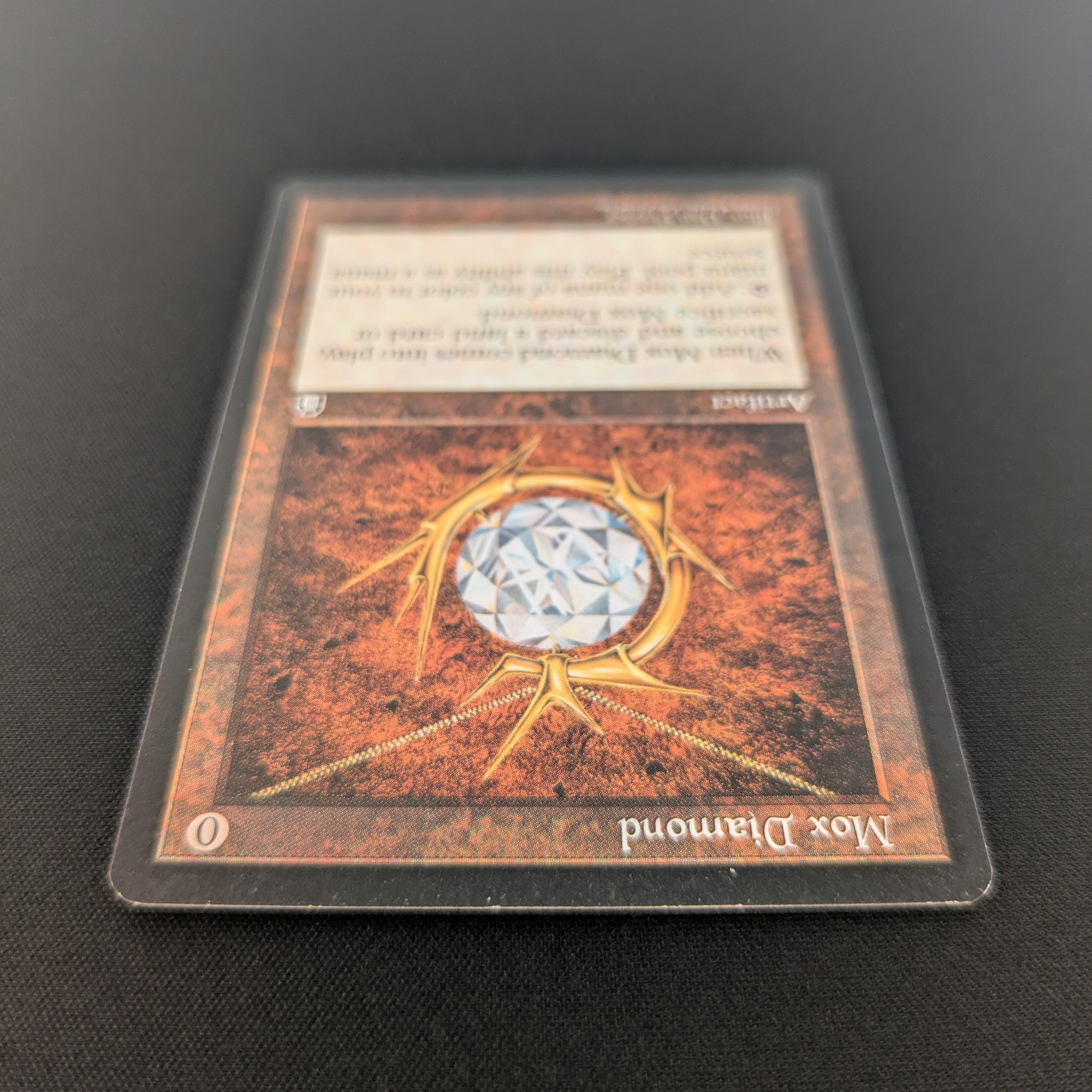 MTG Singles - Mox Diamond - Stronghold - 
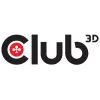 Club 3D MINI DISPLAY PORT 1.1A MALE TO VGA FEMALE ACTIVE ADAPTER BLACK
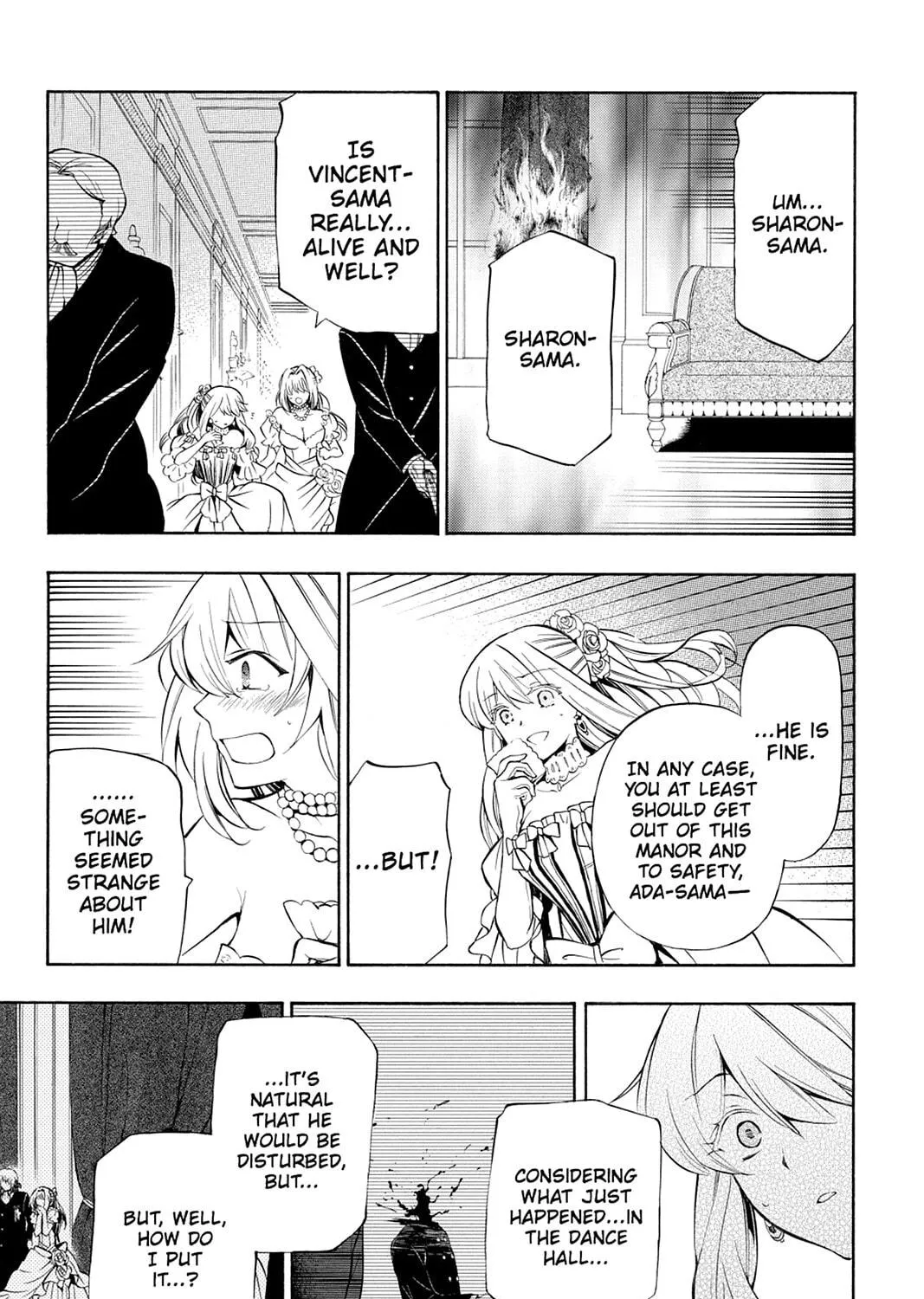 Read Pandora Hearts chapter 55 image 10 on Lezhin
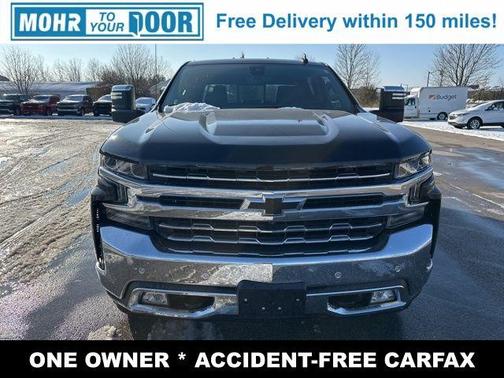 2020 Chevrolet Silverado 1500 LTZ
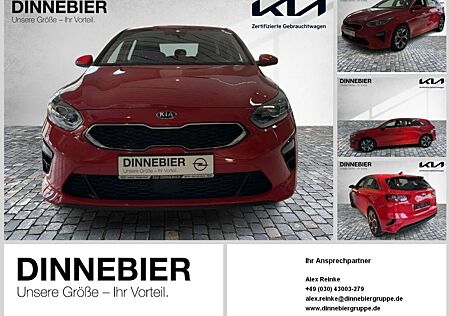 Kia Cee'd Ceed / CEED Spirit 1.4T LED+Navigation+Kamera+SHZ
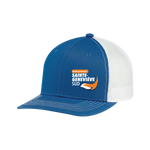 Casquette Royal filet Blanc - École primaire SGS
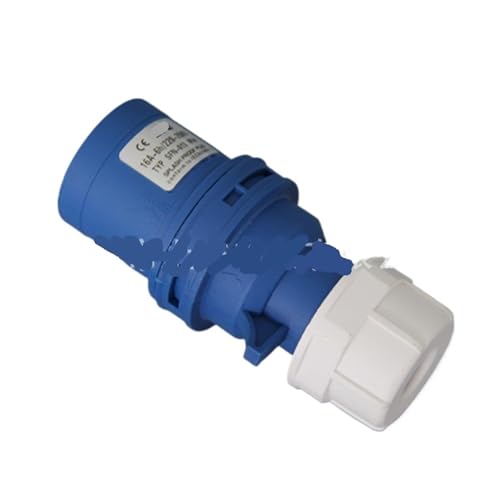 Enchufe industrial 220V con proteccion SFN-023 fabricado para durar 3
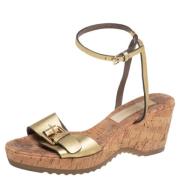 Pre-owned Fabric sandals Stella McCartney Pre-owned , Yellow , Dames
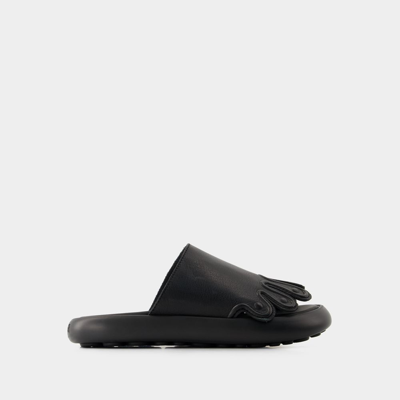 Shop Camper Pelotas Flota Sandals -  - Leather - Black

# # # # #

- What to work on -
Leaving out the images, return the entries above exactly as they read.

- Solution below -
 MTG Singles - Mox Diamond - Stronghold - 
 Club 3D MINI DISPLAY PORT 1.1A MALE TO VGA FEMALE ACTIVE ADAPTER BLACK
 Read Pandora Hearts chapter 55 image 10 on Lezhin
 2020 Chevrolet Silverado 1500 LTZ
 Kia Cee'd Ceed / CEED Spirit 1.4T LED+Navigation+Kamera+SHZ
 Casquette Royal filet Blanc - École primaire SGS
 Enchufe industrial 220V con proteccion SFN-023 fabricado para durar 3
 Pre-owned Fabric sandals Stella McCartney Pre-owned , Yellow , Dames
 Shop Camper Pelotas Flota Sandals -  - Leather - Black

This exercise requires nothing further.